Web page caption snippets
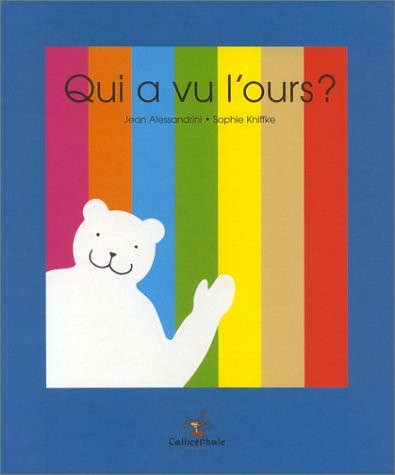 Qui a vu l'ours ?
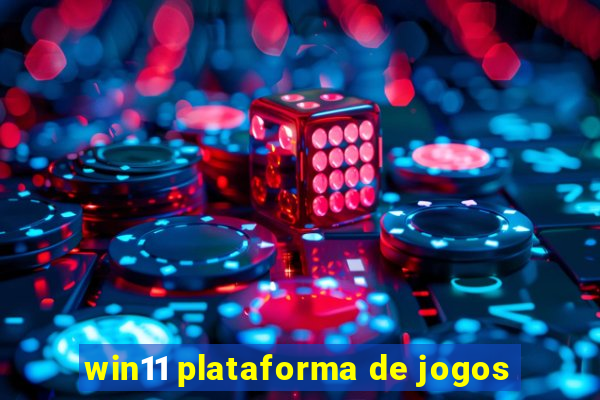 win11 plataforma de jogos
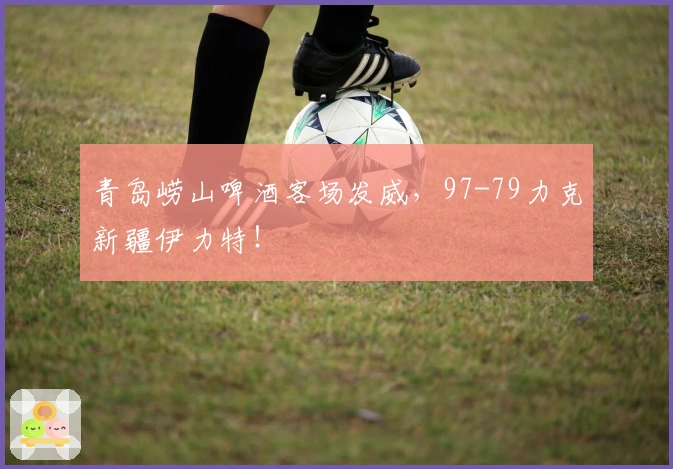 青岛崂山啤酒客场发威，97-79力克新疆伊力特！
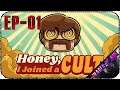 Культистские будни - Стрим - Honey, I Joined a Cult [EP-01]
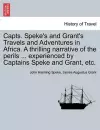 Capts. Speke's and Grant's Travels and Adventures in Africa. a Thrilling Narrative of the Perils ... Experienced by Captains Speke and Grant, Etc. cover
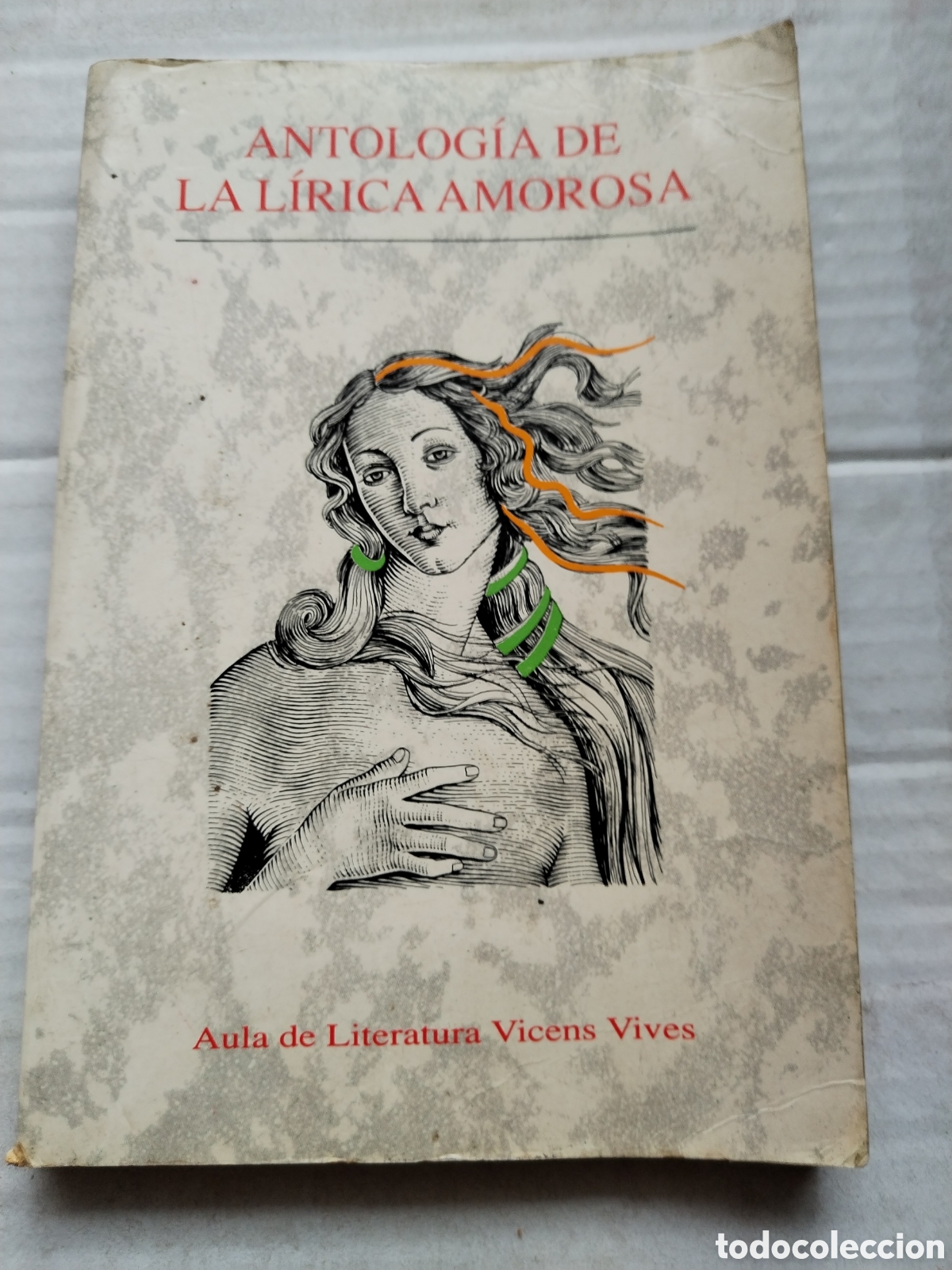 Libros de segunda mano: ANTOLOG&Iacute;A DE LA L&Iacute;RICA AMOROSA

## WHAT IS BEING ASKED
Quote the entries above word for word. Leave the images out.

## SOLUTION TO THIS EXERCISE
 Qui a vu l'ours ?
 win11 plataforma de jogos
 青岛崂山啤酒客场发威，97-79力克新疆伊力特！
 Культистские будни - Стрим - Honey, I Joined a Cult [EP-01]
 Capts. Speke's and Grant's Travels and Adventures in Africa. a Thrilling Narrative of the Perils ... Experienced by Captains Speke and Grant, Etc. cover
 Libros de segunda mano: ANTOLOG&Iacute;A DE LA L&Iacute;RICA AMOROSA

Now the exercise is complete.